Quran against dating
This means that the parts of the Qur’an that are written on this parchment can, with a degree of confidence, be dated to less than two decades after Muhammad’s death.These portions must have been in a form that is very close to the form of the Qur’an read today, supporting the view that the text has undergone little or no alteration and that it can be dated to a point very close to the time it was believed to be revealed.Unless touching is needed like in an emergency, do not do it. When a man and women meet, they should be as professional as possible, there is no need to touch, kiss, hold each others hands or look at each other.
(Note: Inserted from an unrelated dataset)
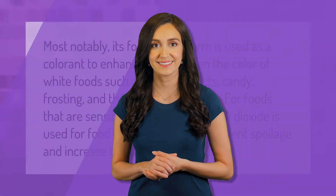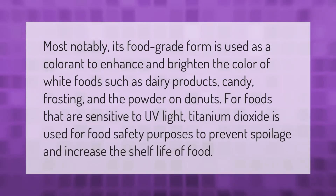Most notably, its food-grade form is used as a colorant to enhance and brighten the color of white foods such as dairy products, candy, frosting, and the powder on donuts. For foods that are sensitive to UV light, titanium dioxide is used for food safety purposes to prevent spoilage and increase the shelf life of food.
Also if you are to be in a company of a women not of your family, make sure that She has a Mahram with her, or you bring someone along yourself.This is the way to try to keep yourself as well as the women safe, keep the respect, as well as stay away from Zina, because Shaytaan does whisper to anyone, no matter how religious that person is.Alba Fedeli, who was studying items in the Mingana Collection of Middle Eastern Manuscripts for her Ph D thesis Early Qur'ānic manuscripts, their text, and the Alphonse Mingana papers held in the Department of Special Collections of the University of Birmingham, Following an approach by the Berlin-Brandenburg Academy in 2013 to contribute a sample from Islamic Arabic 1572 to the Corpus Coranicum project to investigate textual history of the Quran, which coincided with Fedeli's research into the handwriting, the Cadbury Research Library arranged for the manuscript to be radiocarbon dated at the University of Oxford's Radiocarbon Accelerator Unit.
I asked the Messenger of Allah (sallallahu 'alaihi wa sallam) about (the Islamic ruling on) accidental glance (i.e., at a woman one is not Islamically allowed to look at) and he ordered me to turn my eyes away.They emphasize that while the prophet Muhammad was alive, Quranic texts were written without any chapter decoration, marked verse endings or use of coloured inks; and did not follow any standard sequence of surahs.They maintain that those features were introduced into Quranic practice in the time of the Caliph Uthman, and so it would be entirely possible that the Birmingham leaves could have been written then, but not earlier.Dr Saud al-Sarhan, Director of Center for Research and Islamic Studies in Riyadh, has been more sceptical; questioning whether the parchment might have been reused as a palimpsest, and also noting that the writing had chapter separators and dotted verse endings – features in Arabic scripts which are believed not to have been introduced to the Qur'an until later.Dr Saud's criticisms have been backed by a number of Saudi-based experts in Quranic history who strongly rebut any speculation that the Birmingham/Paris Quran could have been written during the lifetime of the prophet Muhammad.